The potential impact of social media going “viral” thanks to today’s interconnected technologies has already been apparent in the Arab Spring, where Twitter, Google and Facebook messages helped create the famous Jasmine Revolution. In India, we have seen the more malign side of this problem with the spate of distorted, harassing and threatening messages, Web posts and SMSes earlier this month. These widespread (and frequently redistributed, re-tweeted or re-posted) transmissions first roused Muslim anger about alleged atrocities against their co-religionists in the Northeast (often using doctored images from such benign events as Tibetan earthquake relief to suggest the victims had suffered anti-Muslim violence) and then instilled panic amongst northeasterners about the threat of reprisals. It is almost impossible for governments to counteract such malicious use of social media, and any steps they do take are often too late to prevent the damage that has already occurred. This is a phenomenon we must be conscious of even if there are no easy prescriptions to remedy its dangers.

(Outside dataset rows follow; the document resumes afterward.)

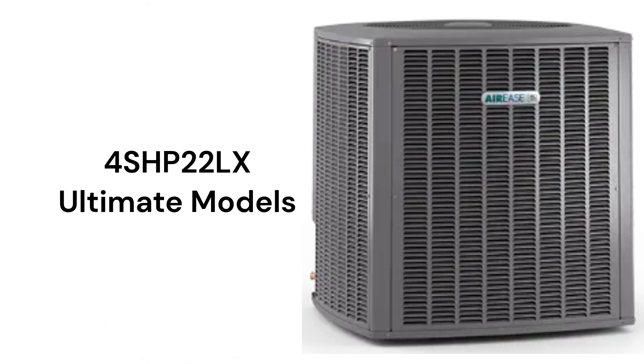The 4SHP-22LX is an ultimate heat pump with a 9.5 HSPF-2 heating efficiency and a pretty decent guarantee, but it does not include total unit replacement in case of compressor failure.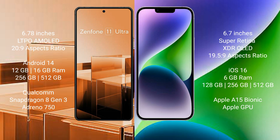The iPhone 14 Plus comes with 6GB RAM, 128GB, 256GB, or 512GB internal storage, an Apple A15 Bionic processor, and an integrated GPU.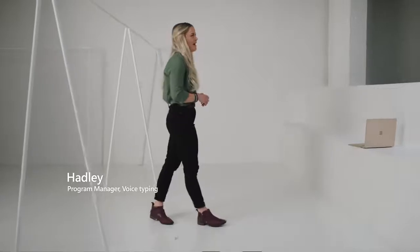Making touch a great experience, voice a great experience. What feels natural? When something feels natural, it's easier.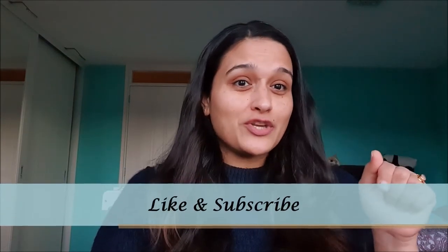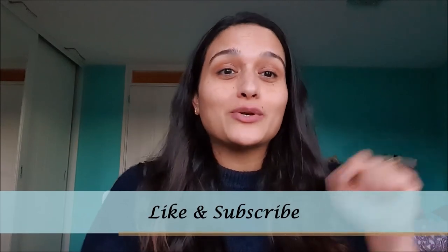Stay tuned for more such videos. If you liked it, give it a thumbs up, subscribe to my channel, and push that notification bell so you get notified whenever I upload. That's all — bye bye!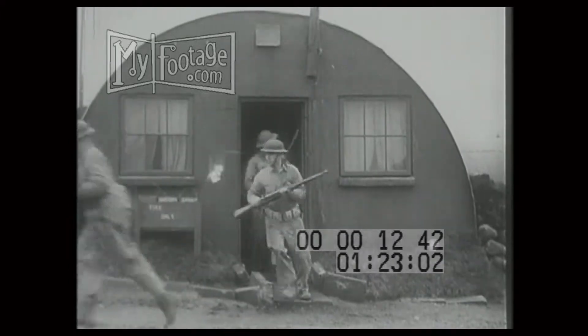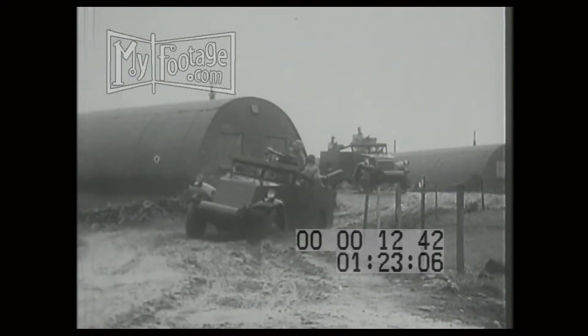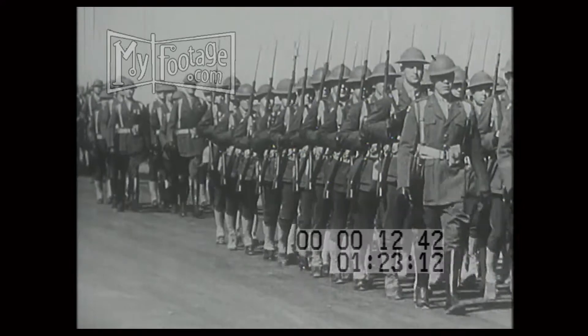Shelters are quickly erected. Men and equipment are made ready for any emergency. Iceland becomes an outpost of defense as the sound of marching Marines fills the Arctic air.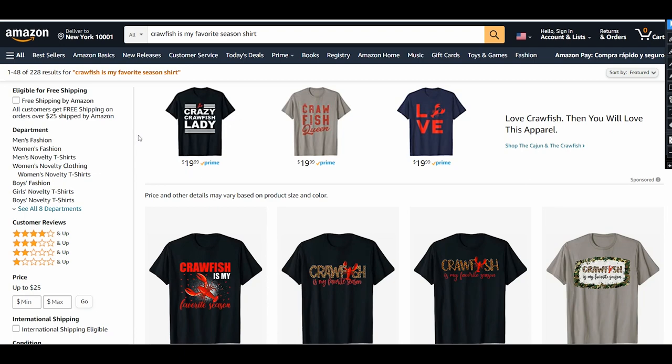That was my design ideas for this week. Subscribe to this channel — I post a lot of videos about print-on-demand business, not only design ideas but also keyword optimization videos and other topics. I'll see you in other videos, and I wish you good sales. Bye!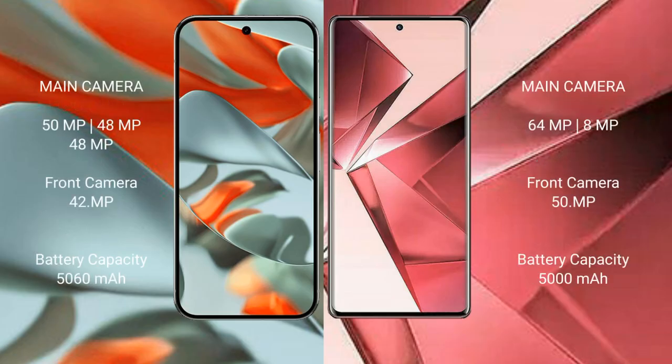The Google Pixel 9 Pro XL features a rear triple camera setup: a 50MP main camera, a 48MP ultrawide, and a 48MP telephoto lens, plus a 42MP front camera.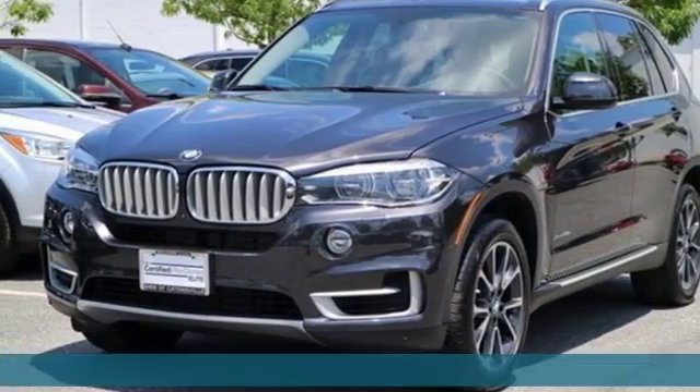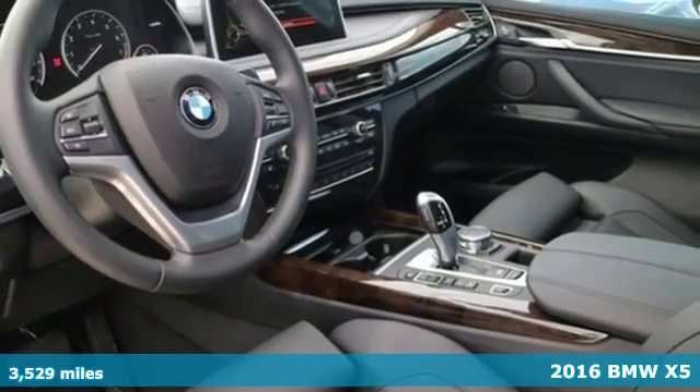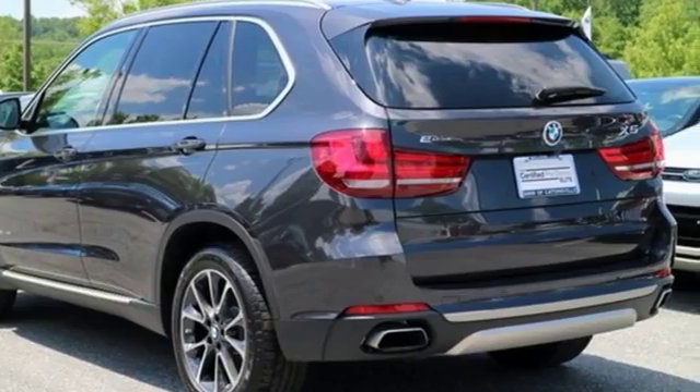It's a 2016 BMW X5. Blaze new trails and take luxury to new heights. You can do it all with this amazing sports activity vehicle.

The world is full of examples of what Gowing calls “non-professional information doers”: hundreds of millions of amateurs with an electronic eye who can now be found anywhere. As many as five billion people worldwide — including 84 per cent of Americans, more than 70 per cent of Chinese and perhaps 60 per cent of Indians — now use mobile phones. This has led to an extraordinary transformation in the reach and range of our freedom of expression. These mobile phone users all get messages out.
The core implications are striking. We have all heard about the so-called 24x7 news and information cycle, but with social media the pressure of the news cycle can build up not just over a few hours but often in no more than a few minutes. As images, facts and allegations emanating from cellphones and digital cameras go viral, they undermine and discredit official versions, present an alternative reality in the face of government denials and, fuelled by dissenters and expatriates, rebound onto the evolution of the situation itself. Twitter and digital cameras had a huge impact on the Iranian protests after the disputed re-election of President Mohammed Ahmedinejad. Despite Tehran’s attempts to manage the crisis, social media kept the protests alive for far longer, and with more prolonged intensity, than they could have survived without that digital fuel.
With such instant scrutiny, governmental power is rendered more vulnerable. The WikiLeaks saga demonstrated this too, since the publication of classified material on the Internet circumvented both government control and the restraints that are normally observed by traditional media. In the old days, governments assumed they could command the information high ground in a crisis. That is simply no longer true.
These are all trends of which governmental policymakers must be aware. In a democracy, knee-jerk reactions against social media, including attempts to shut down inconvenient messages, are doomed to fail. This is a genie that cannot be put back into the bottle. We have to learn to live with it — and adapt our own ways to its demands.